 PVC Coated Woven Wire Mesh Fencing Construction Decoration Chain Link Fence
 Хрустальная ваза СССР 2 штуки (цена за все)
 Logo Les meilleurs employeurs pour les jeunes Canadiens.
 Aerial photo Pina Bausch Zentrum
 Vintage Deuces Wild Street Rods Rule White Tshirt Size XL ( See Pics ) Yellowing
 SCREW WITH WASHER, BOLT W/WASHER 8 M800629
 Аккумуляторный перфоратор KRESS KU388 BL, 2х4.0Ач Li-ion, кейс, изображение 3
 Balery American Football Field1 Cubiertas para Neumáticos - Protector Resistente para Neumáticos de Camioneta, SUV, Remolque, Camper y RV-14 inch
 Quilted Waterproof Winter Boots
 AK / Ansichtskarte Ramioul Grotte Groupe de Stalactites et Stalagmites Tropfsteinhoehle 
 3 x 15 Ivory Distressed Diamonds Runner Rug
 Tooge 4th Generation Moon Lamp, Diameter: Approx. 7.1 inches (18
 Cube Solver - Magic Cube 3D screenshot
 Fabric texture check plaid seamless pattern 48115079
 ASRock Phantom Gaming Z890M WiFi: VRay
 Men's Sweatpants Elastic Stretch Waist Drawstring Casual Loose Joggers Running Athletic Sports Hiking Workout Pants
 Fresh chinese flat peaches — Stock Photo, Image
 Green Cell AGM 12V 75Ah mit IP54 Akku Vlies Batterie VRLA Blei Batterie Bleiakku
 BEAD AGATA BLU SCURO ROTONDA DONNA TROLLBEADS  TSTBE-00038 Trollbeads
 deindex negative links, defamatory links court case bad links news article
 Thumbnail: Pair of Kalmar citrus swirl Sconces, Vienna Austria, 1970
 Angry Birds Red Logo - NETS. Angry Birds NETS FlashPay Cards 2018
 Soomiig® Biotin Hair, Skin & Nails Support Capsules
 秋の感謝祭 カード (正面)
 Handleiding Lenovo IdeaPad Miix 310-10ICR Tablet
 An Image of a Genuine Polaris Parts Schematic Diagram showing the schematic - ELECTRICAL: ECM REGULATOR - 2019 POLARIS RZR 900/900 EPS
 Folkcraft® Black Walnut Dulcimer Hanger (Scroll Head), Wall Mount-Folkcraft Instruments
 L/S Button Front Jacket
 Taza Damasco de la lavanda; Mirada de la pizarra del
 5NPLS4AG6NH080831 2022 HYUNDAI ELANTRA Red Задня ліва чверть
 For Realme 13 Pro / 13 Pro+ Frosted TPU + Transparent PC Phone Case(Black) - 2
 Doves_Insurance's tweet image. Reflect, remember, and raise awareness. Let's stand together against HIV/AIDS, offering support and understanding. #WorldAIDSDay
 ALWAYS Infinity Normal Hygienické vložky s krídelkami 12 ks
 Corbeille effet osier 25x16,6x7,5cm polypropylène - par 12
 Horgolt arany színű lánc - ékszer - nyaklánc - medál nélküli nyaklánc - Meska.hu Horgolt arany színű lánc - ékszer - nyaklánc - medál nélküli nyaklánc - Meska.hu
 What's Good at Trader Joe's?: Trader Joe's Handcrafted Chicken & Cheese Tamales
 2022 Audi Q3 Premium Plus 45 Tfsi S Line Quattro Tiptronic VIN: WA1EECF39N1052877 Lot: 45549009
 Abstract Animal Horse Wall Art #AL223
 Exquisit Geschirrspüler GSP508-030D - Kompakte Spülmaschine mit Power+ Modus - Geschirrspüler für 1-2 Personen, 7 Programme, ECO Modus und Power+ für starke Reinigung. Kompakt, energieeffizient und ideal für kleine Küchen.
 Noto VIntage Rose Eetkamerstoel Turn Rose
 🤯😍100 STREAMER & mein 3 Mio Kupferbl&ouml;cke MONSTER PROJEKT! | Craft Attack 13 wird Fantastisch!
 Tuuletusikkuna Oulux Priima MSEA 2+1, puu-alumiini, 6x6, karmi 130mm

• • • • • • •

In the records above, the line with "Хрустальная ваза СССР 2 штуки (цена за все)" marks the start and the line with "ASRock Phantom Gaming Z890M WiFi: VRay" marks the end; copy that stretch exactly, both lines included, and nothing else.

 Хрустальная ваза СССР 2 штуки (цена за все)
 Logo Les meilleurs employeurs pour les jeunes Canadiens.
 Aerial photo Pina Bausch Zentrum
 Vintage Deuces Wild Street Rods Rule White Tshirt Size XL ( See Pics ) Yellowing
 SCREW WITH WASHER, BOLT W/WASHER 8 M800629
 Аккумуляторный перфоратор KRESS KU388 BL, 2х4.0Ач Li-ion, кейс, изображение 3
 Balery American Football Field1 Cubiertas para Neumáticos - Protector Resistente para Neumáticos de Camioneta, SUV, Remolque, Camper y RV-14 inch
 Quilted Waterproof Winter Boots
 AK / Ansichtskarte Ramioul Grotte Groupe de Stalactites et Stalagmites Tropfsteinhoehle 
 3 x 15 Ivory Distressed Diamonds Runner Rug
 Tooge 4th Generation Moon Lamp, Diameter: Approx. 7.1 inches (18
 Cube Solver - Magic Cube 3D screenshot
 Fabric texture check plaid seamless pattern 48115079
 ASRock Phantom Gaming Z890M WiFi: VRay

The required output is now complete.